**What this task involves**
Would you output the entries below only from the line containing "Baby Love Nappy" through the line containing "bonVIVO Pablo Black", exactly as they stand and with both ends included?

**Information shown**
BEGIN

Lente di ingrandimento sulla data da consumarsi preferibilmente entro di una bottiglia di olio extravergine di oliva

END
BEGIN

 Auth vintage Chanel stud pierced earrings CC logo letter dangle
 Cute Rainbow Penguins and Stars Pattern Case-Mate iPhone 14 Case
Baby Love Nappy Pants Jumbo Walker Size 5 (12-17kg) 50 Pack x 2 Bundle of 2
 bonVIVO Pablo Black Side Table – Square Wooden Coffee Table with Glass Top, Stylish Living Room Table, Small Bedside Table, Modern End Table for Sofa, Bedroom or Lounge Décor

END

**Result of this task**
Baby Love Nappy Pants Jumbo Walker Size 5 (12-17kg) 50 Pack x 2 Bundle of 2
 bonVIVO Pablo Black Side Table – Square Wooden Coffee Table with Glass Top, Stylish Living Room Table, Small Bedside Table, Modern End Table for Sofa, Bedroom or Lounge Décor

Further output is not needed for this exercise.